Subversive historian Sarah Vowell offers another idiosyncratic chronicle of our nation’s coming-of-age with Lafayette in the Somewhat United States. This lively account of the Marquis de Lafayette and the American Revolution is of a piece with Vowell’s previous books, which include Assassination Vacation (2005), a tour of sites dedicated to murdered American presidents, and The Wordy Shipmates (2008), a raucous look at the founding of the Massachusetts Bay Colony. These seem like sober subjects, but Vowell enlivens the proceedings with her prickly persona, her thing for slang and her taste for recondite factoids of Americana.
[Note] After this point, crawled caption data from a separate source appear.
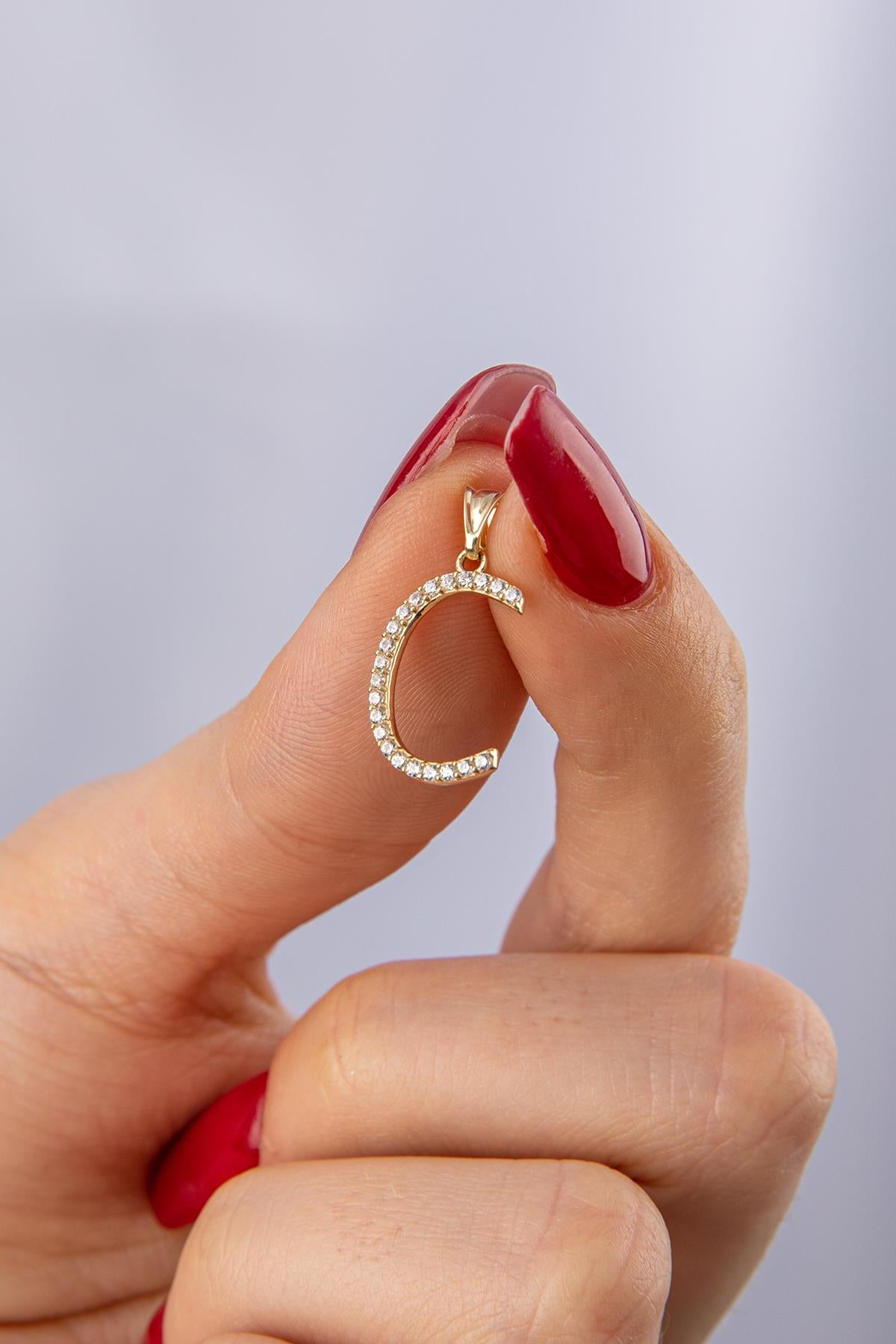 14K Gold Stone C Letter Charm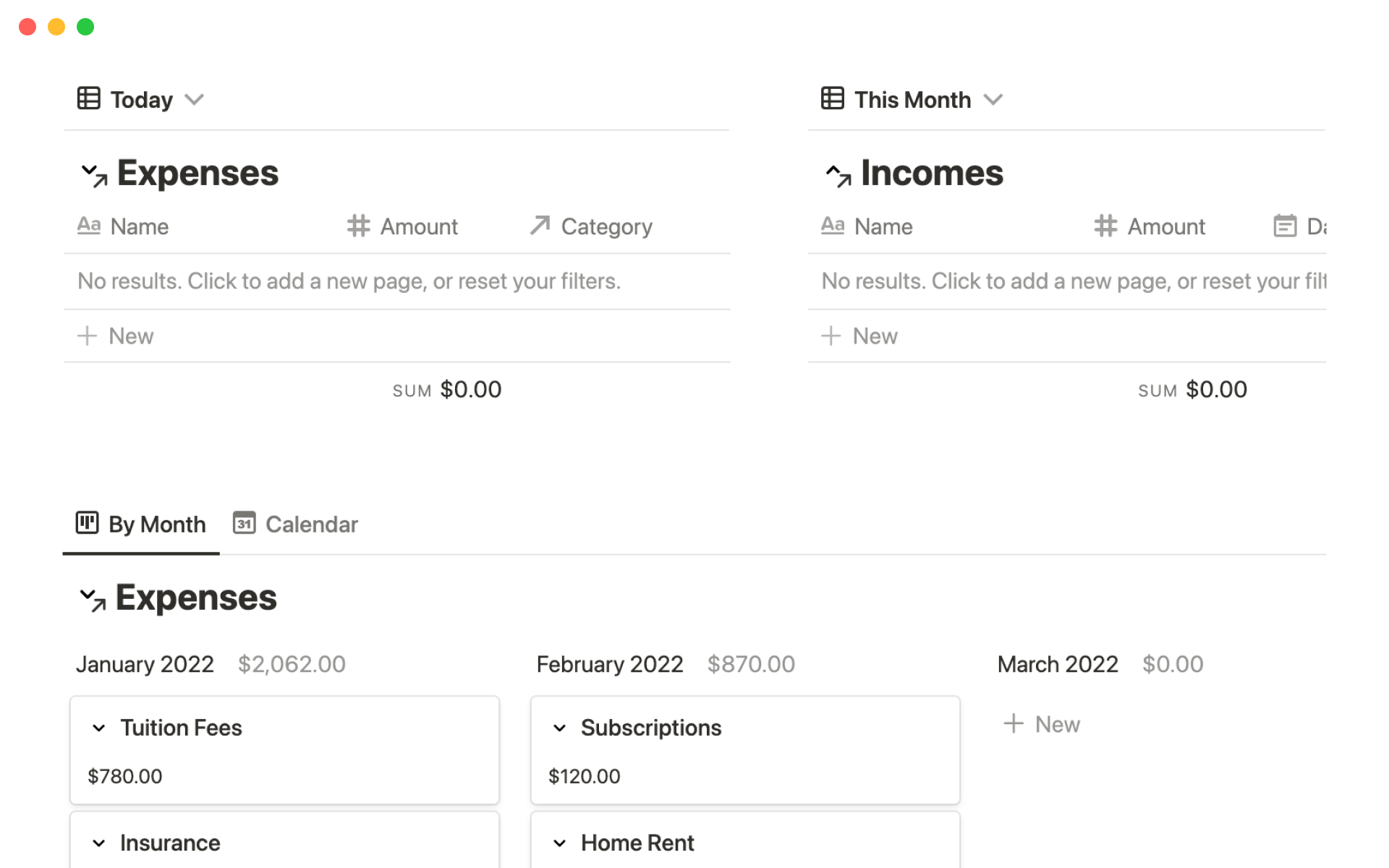 An all-in-one dashboard to help you in managing and tracking your finances.
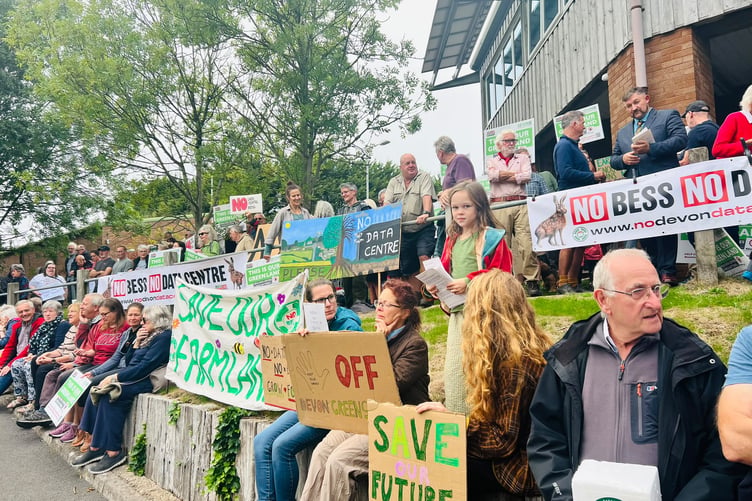 The protest against the huge data centre for Torrington outside Caddsdown Business Centre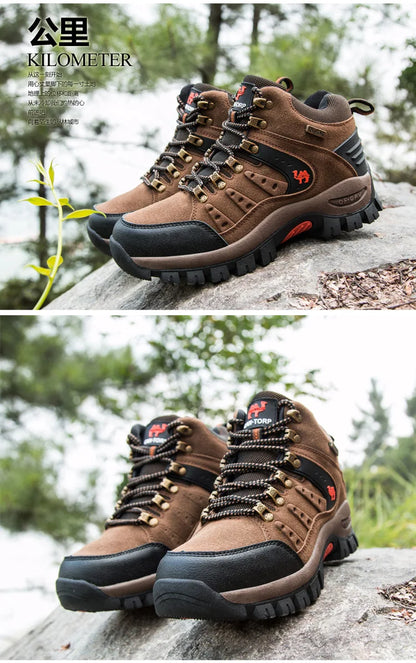 Outdoor Waterproof Hiking Boots Men's Women's Spring And Autumn Hiking Wear-resistant Mountain Sports Boots Hunting Sports Shoes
With her new book, Vowell delivers a fascinating portrait of Lafayette as a dashing young French aristocrat who believed in the cause of the American colonists. Driven by a desire to make a name for himself and by a loathing for the British, Lafayette sailed to America, where he served in Washington’s army, befriending the founding father and becoming his confidant. Through the filter of the Frenchman’s story, Vowell examines the culture of the Revolution. She goes in-depth on the rifts between the Loyalists and the Patriots, between the Continental Congress and the army, and augments the trip back in time with incidents from her travels to historical spots. During a visit to Pennsylvania’s Brandywine Valley, where Lafayette was wounded in 1777, she takes in a re-enactment of the Frenchman’s story presented as—of all things—a puppet show.
The enjoyment Vowell seems to derive from poking around in America’s obscure corners is part of what makes her historical narratives vital. In tracing history’s circuitous path, she demonstrates how we got where we are today—and sheds light on where we might be heading next.